In announcing its new contract with educators, signed last month, Oak Park and River Forest High School said teachers would get on average 4 percent raises in each of the five years of the new contract.
However, individual raises vary greatly. Some teachers’ raises will average closer to 10 percent each year, according to a Wednesday Journal analysis.
The school looks to hire new teachers with a master’s degree and five years’ experience. Such a teacher hired last year, who now earns $56,324, would make $84,035 in the last year of the contract, 2011-12. That’s an increase of 49.2 percent.
But one segment of the salary schedule doesn’t give a complete picture of raises across the span of the district’s 225 teachers, said Cheryl Witham, OPRF’s chief financial officer.
“The cost of the schedule depends largely on where people are on the schedule,” she said. That is, there are approximately 50 teachers at OPRF with five or fewer years of experience, where raises are higher. The salary schedule is designed to give better raises to teachers making less money, and lower raises to those who make more.
Better raises earlier in a teacher’s career are justified, said Paul Noble, the lead negotiator for the OPRF teachers union on the recently approved contract. Younger teachers improve more with each year of experience than older teachers do, he said.
“How much better am I at my 30th year than at my 29th year?” Noble asked rhetorically.
A teacher with a Ph.D. and 25 years of experience, who now makes $109,268, would make $137,037 in 2011-12, an increase of about 25 percent, or roughly 5 percent each year.
Fifty-three OPRF teachers have 20 or more years of experience.
And roughly 25 teachers will have lower raises because they’ve maxed out the raises given for experience. That cap is different for each level of education reached: 11 years for teachers with a bachelor’s degree, 18 years for those with a master’s degree, and 30 years for those with a master’s degree plus 30 additional credits.
Witham said the contract fits into the district’s five-year financial plan when viewed together with changes to teachers’ benefits. “For instance, although salaries are higher, the retirement and health care costs will be much less,” she wrote in an e-mail.

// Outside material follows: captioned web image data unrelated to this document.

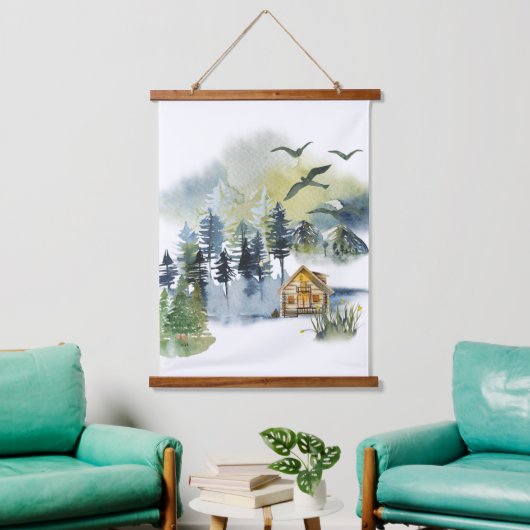 Aquarel bos scène hangend wandkleed (Woonkamer)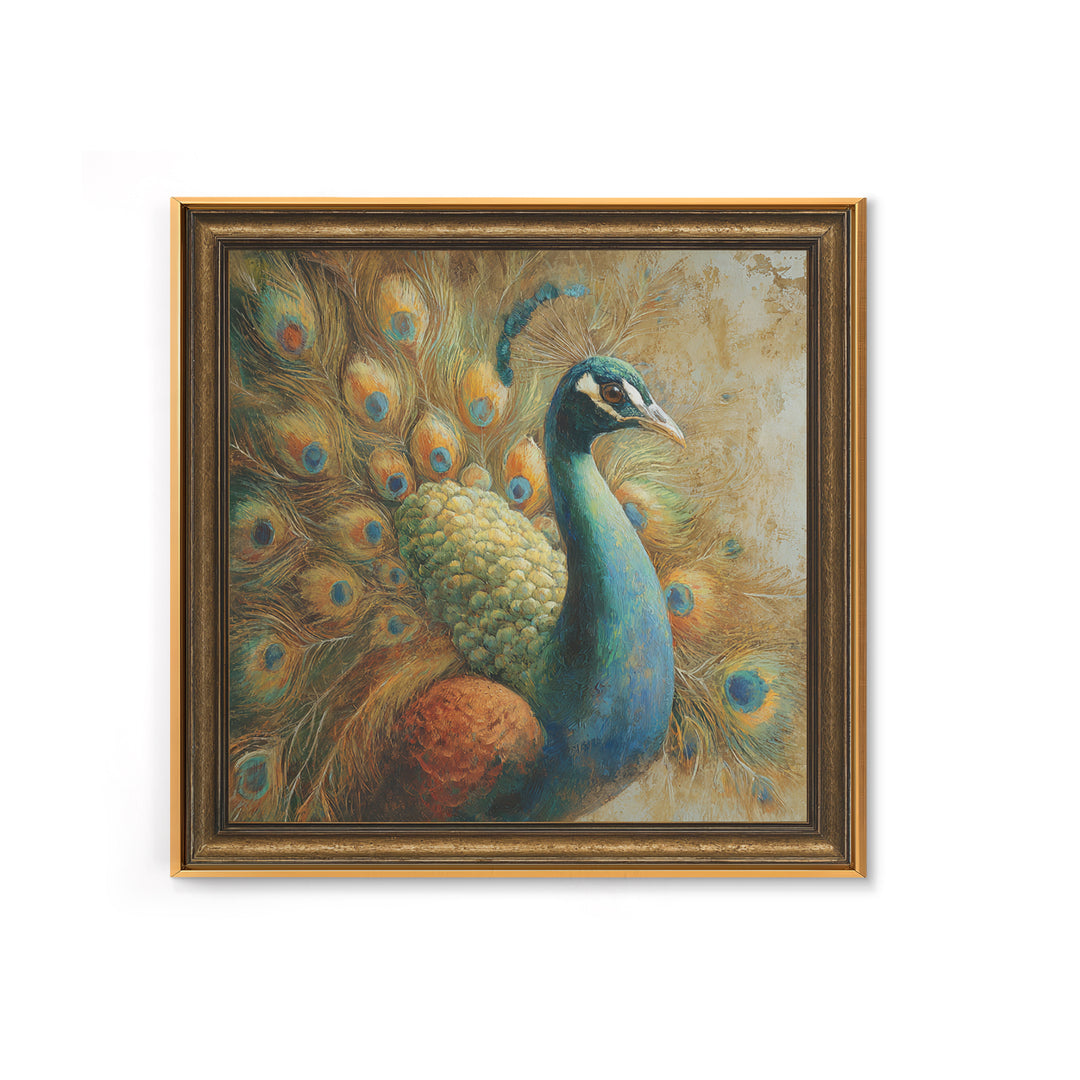 Dramatic Peacock with Oversized Feather Pattern Framed Canvas Print, Maximalist Art, Gallery Decor, Living Room Decor, Maximal, MAX-1x1-32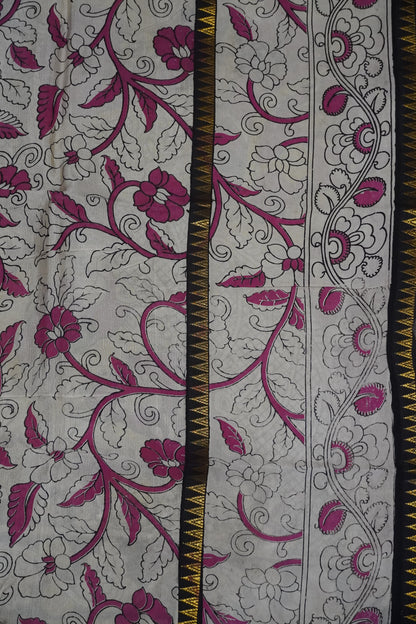 Kalamkari Silk Saree -Black
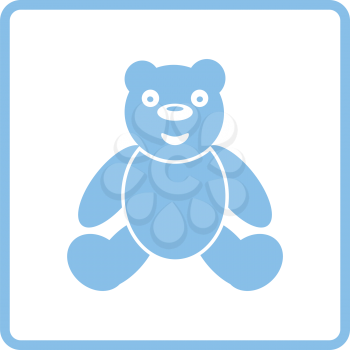 Teddy bear ico. Blue frame design. Vector illustration.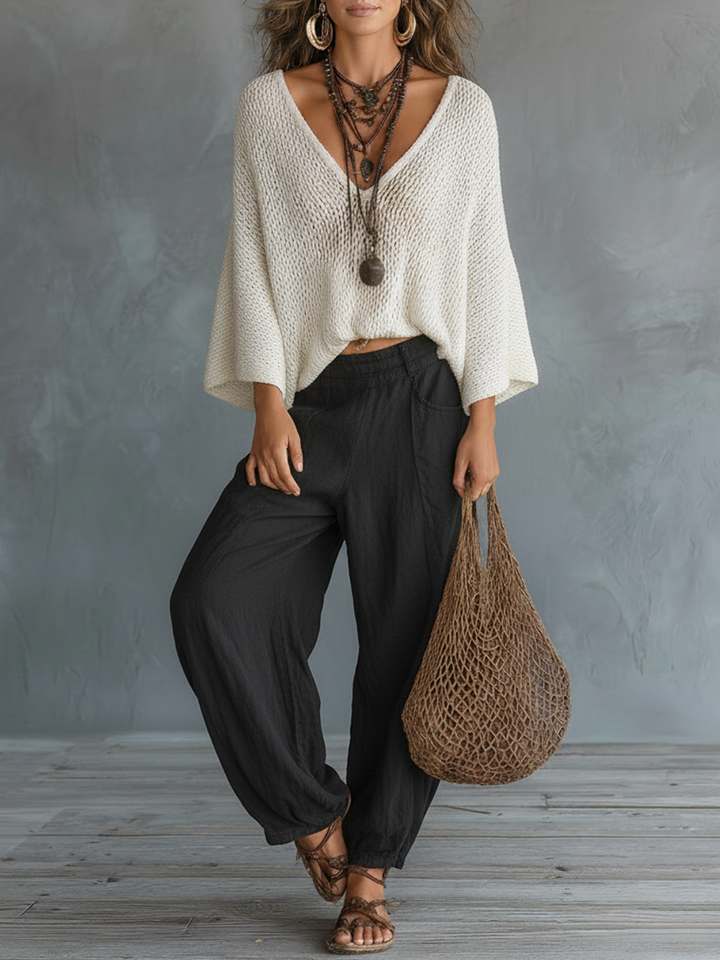 Cape-Sleeve Harem Pants Set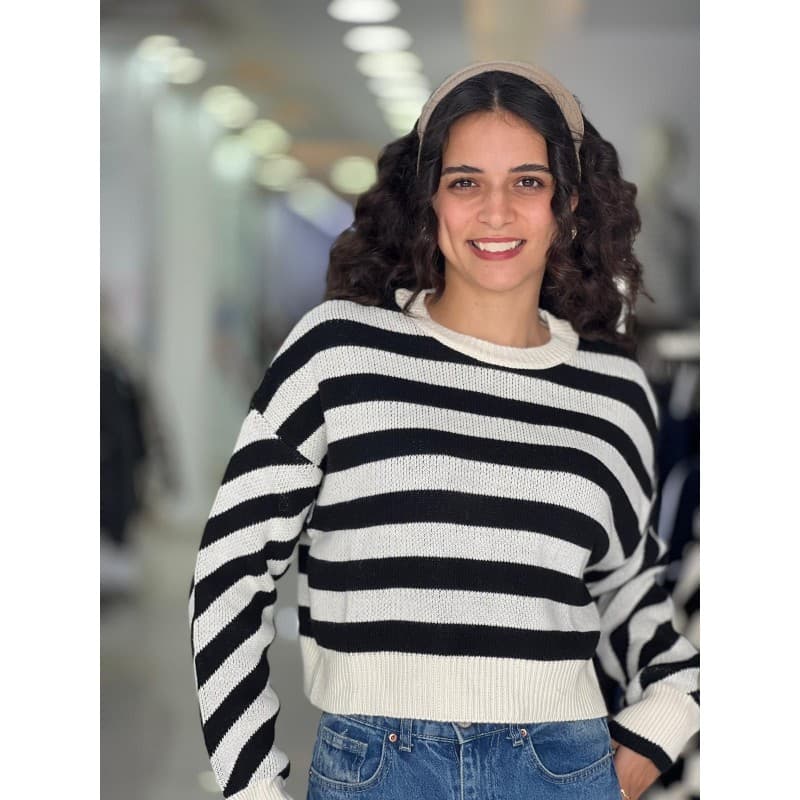 بلوزة ستاتي لون بيج مخطط أسود Bianco Lucci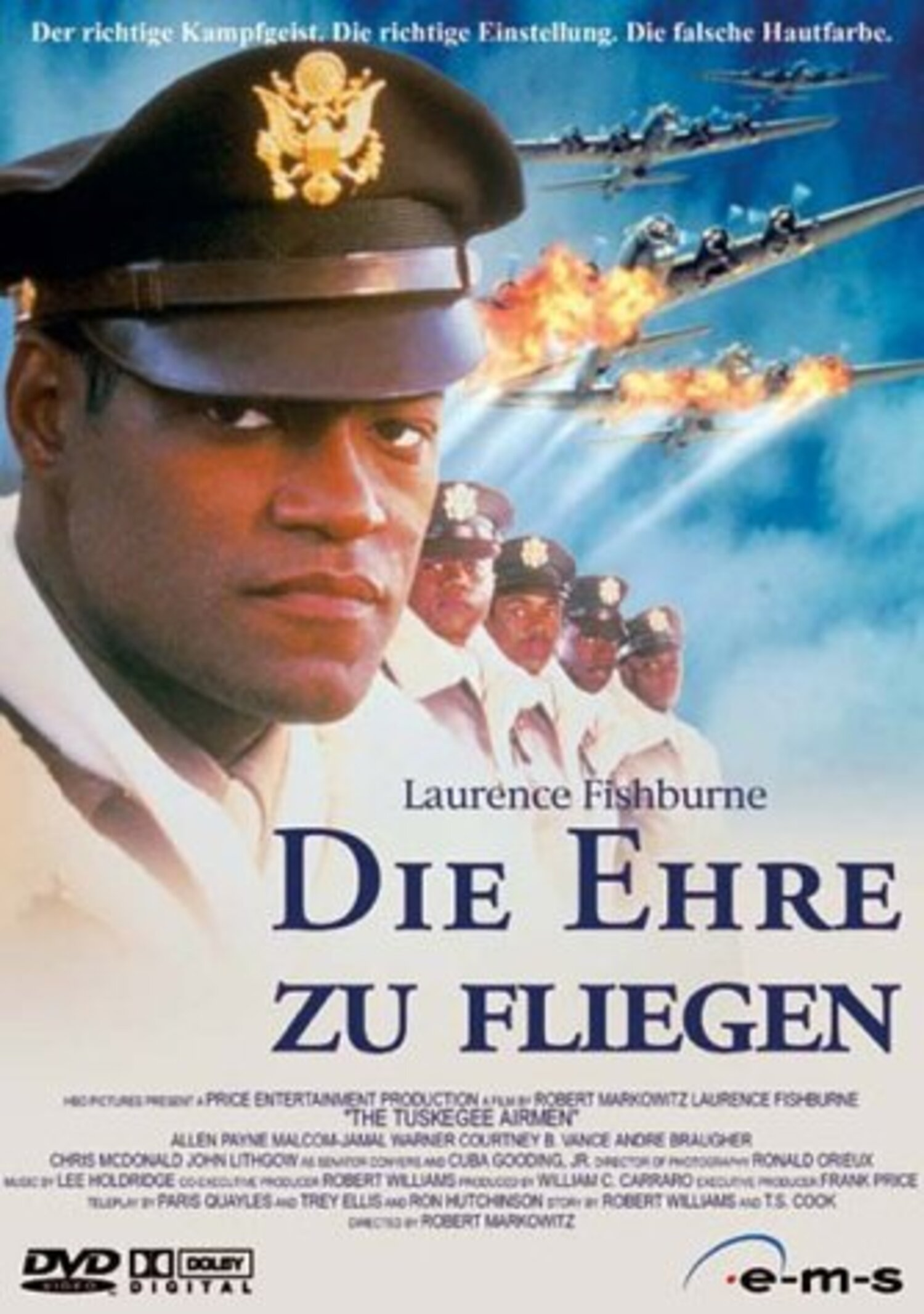 Filmposter auf Deutsch mit dem Titel 'Die Ehre zu Fliegen'. Zeigt einen schwarzen Mann in Uniform und Militärflugzeuge.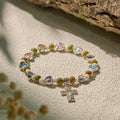Colorful Glass & Ceramic Bead Bracelets with Cross and Saints Heart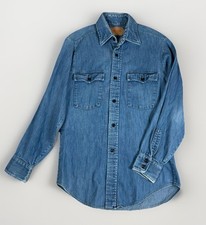 Vintage 1960s 70s Levi s Denim Work Shirt Made USA Paper Tag Small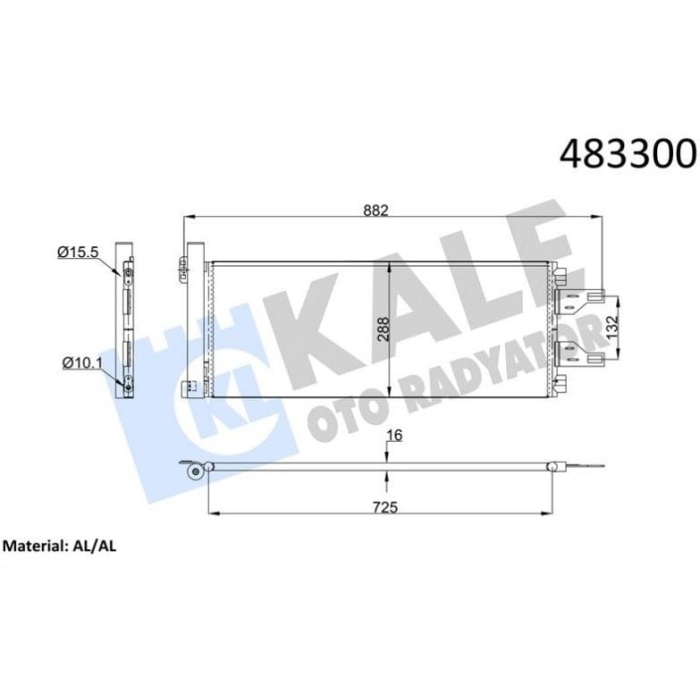 Ducato III 2014- 2.3 mjt Euro5 Klima Radyatörü Kale KLA-040ABC030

Still, the salary raises come at a time in the village when other bodies are cutting back to keep property taxes from rising any further. If OPRF had limited teachers to annual raises of 3.5 percent, the school would have saved approximately $25,000 to $50,000 per teacher for most teachers over the life of the contract.
That savings would come at the cost of attracting teachers, educators say. “It’s a market” for teaching talent, Noble said.
Witham does not know what the exact overall cost will be for the new contract because it adds new “lanes,” which reward teachers for gaining credits toward advanced degrees. More lanes mean more raises, but the raises are smaller, Witham said.
The structure of the high school’s salary schedule-typical for districts across the country, Witham said-rewards teachers three ways. First, the raises awarded in the contract apply to every teacher. Step increases award experience and seniority, while lanes award adding education. Roughly 25 OPRF teachers have reached the end of their step increases and can get raises only when a new contract is negotiated or by adding education credits.
Study questions assumptions
That system was called into question by a study issued in January by the Manhattan Institute, a think tank aimed at developing “new ideas that foster greater economic choice and individual responsibility.”
“Evidence suggests that the way we pay teachers is more important than simply what they take home,” Jay P. Greene, the study’s author, wrote in a letter to the Wall Street Journal in February. Greene said that neither seniority nor the number of added credits “has much to do with student improvement,” but that giving performance-based bonuses did improve students’ learning.
“We found that a Little Rock [Ark.] program providing bonuses to teachers based on student gains on standardized tests substantially increased math proficiency,” he wrote. “Researchers at the University of Florida recently found similar results in a nationwide evaluation.”
Noble said teachers might be willing to discuss a merit-based system, but he expected teachers would be suspect of the accuracy of a system that purports to measure teaching success.